■ **Task goal**:
Please repeat only the lines below starting at the line that holds "in Roman Forest" and ending at the line that holds "Vintage Pendleton blazer", exactly, with both of those lines included and every picture omitted.

START Material to process

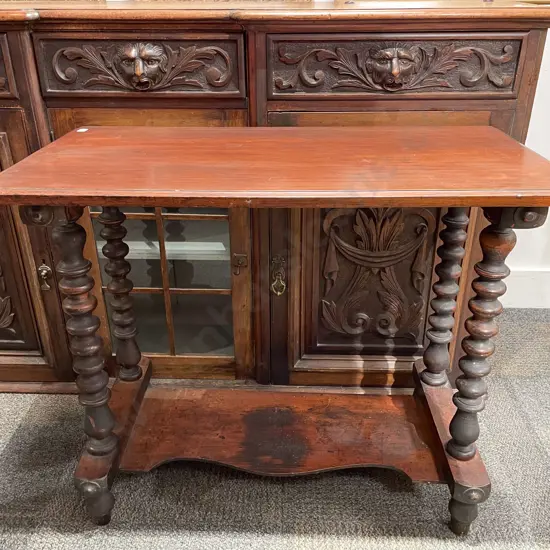 Stained Kauri Rectangular Side Table with Barley Twist Supports
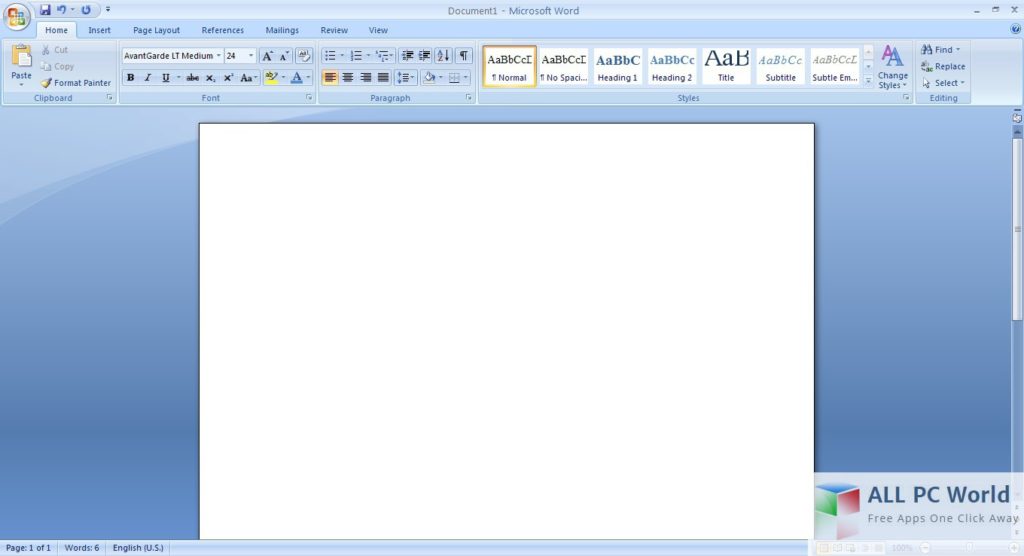 Microsoft Office 2007 Portable Word User Interface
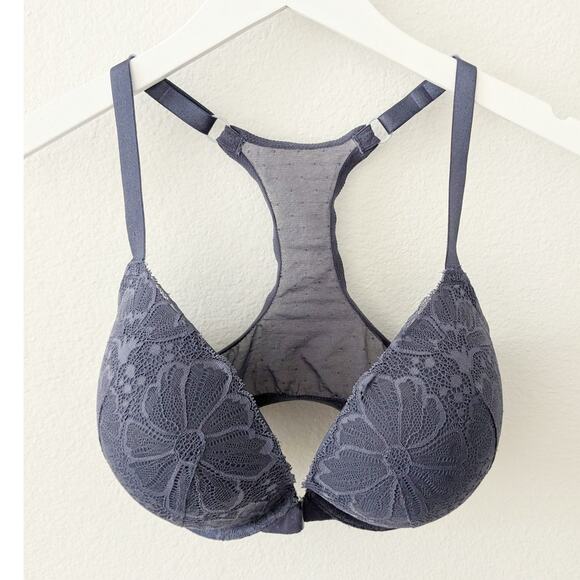 VICTORIAS SECRET Push Up Bra Racerback Underwire Padded Purple Lace Sz 34DDD - Picture 5 of 7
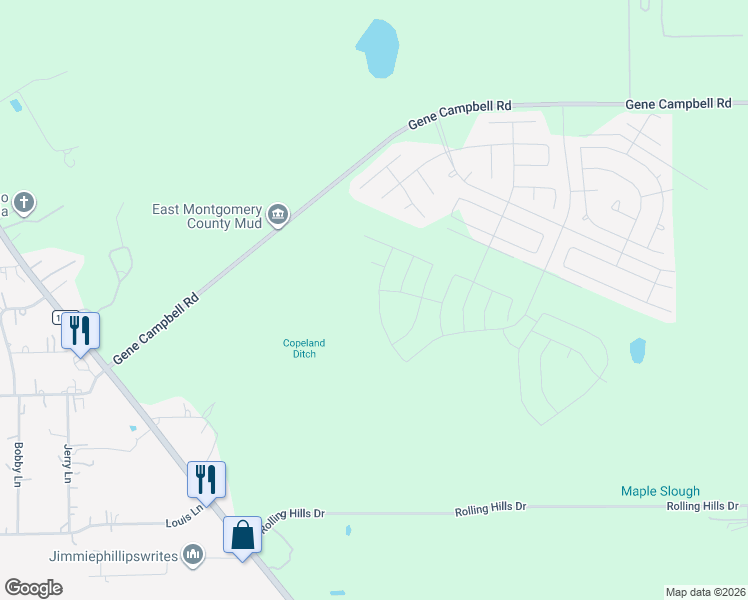 map of restaurants, bars, coffee shops, grocery stores, and more near in Roman Forest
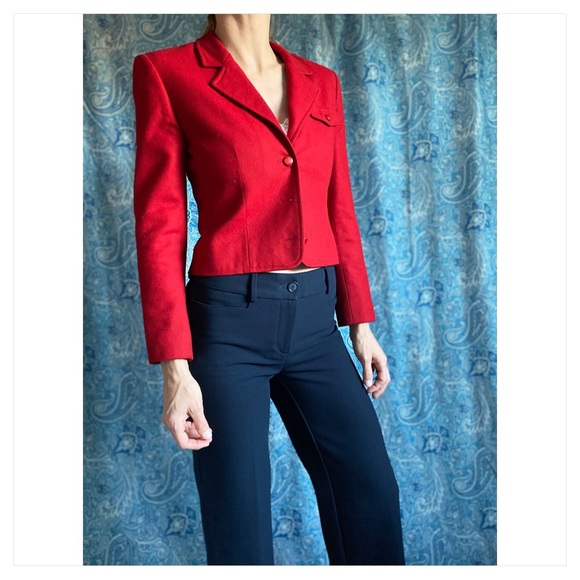 Vintage Pendleton blazer red cropped button down wool - Picture 3 of 11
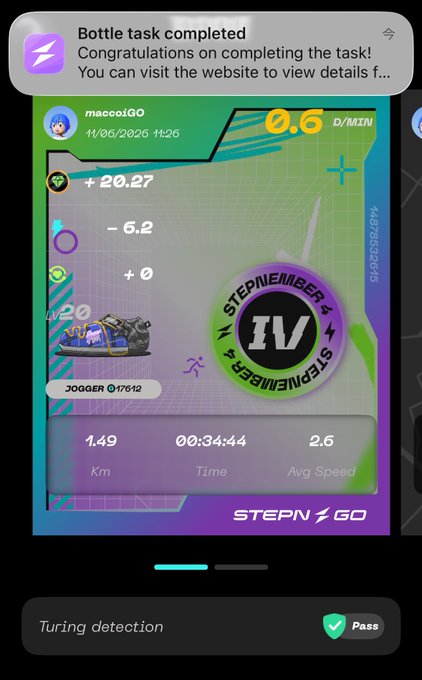 The image shows a phone screen displaying a fitness app that tracks steps taken, distance traveled, and calories burned during a workout session. The app also provides information about the user's progress towards their fitness goals. The background of the image features a purple and green color scheme with a logo for "stepn go".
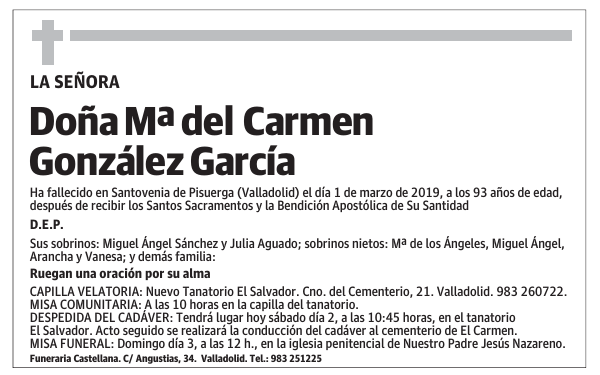 Esquela de Doña Mª del Carmen González García : Fallecimiento | Esquela ...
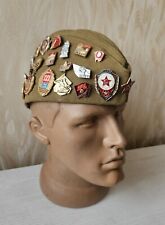 New USSR Army Pilotka Cap Soviet Soldier Star Hat Military Uniform Badges Pins picture
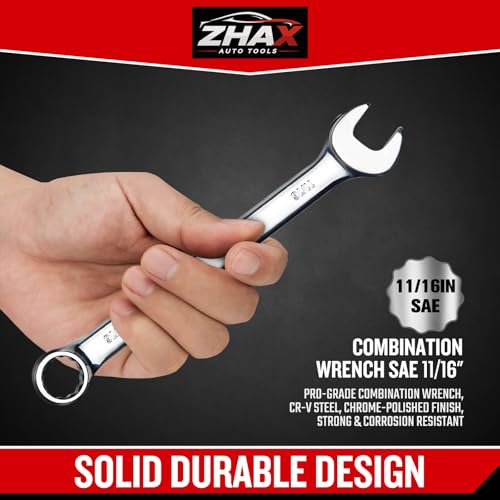zhax 11/16" SAE Combination Wrench, 12 Point Box End, 15 Degree Offset Design, Mirror Polish Finish, Forged CR-V Steel, Hand Tools for Mechanics, Ideal for Auto and Home Repair - size: 11/16"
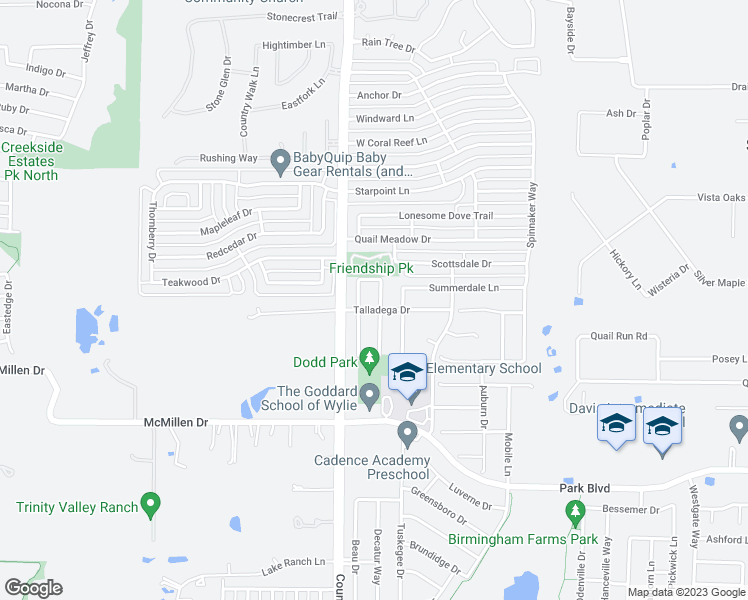 map of restaurants, bars, coffee shops, grocery stores, and more near 1504 Bankston Drive in Wylie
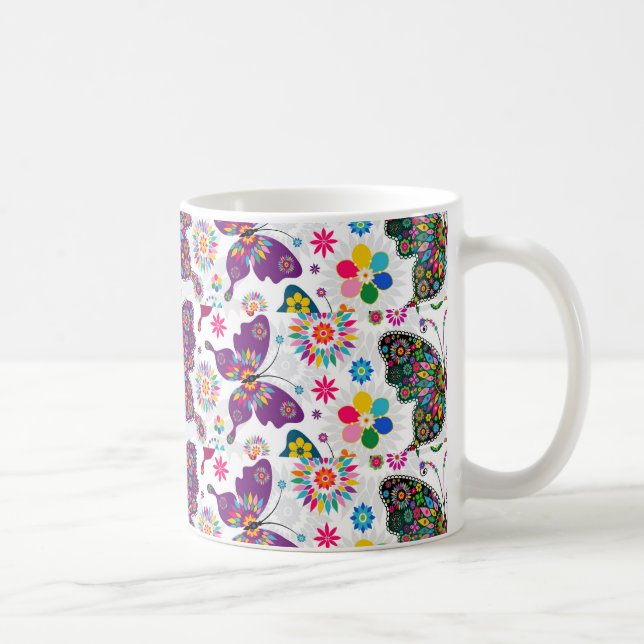 Färgstarka Retro Butterfly och Flowers Mönster Kaffemugg (Höger)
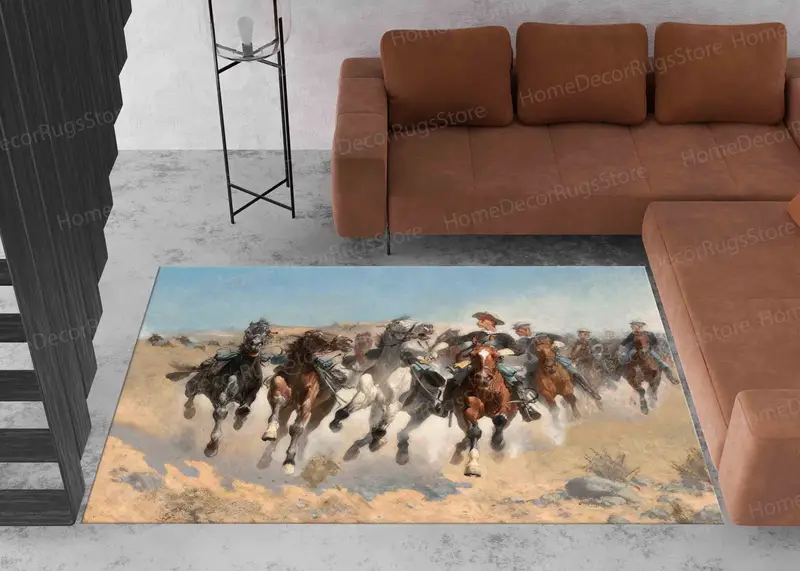 Eleganter bedruckter Teppich mit Remington-Laufpferden – Geschenk für Pferdeliebhaber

END Material to process

■ **Reply**:
 map of restaurants, bars, coffee shops, grocery stores, and more near in Roman Forest
 Vintage Pendleton blazer red cropped button down wool - Picture 3 of 11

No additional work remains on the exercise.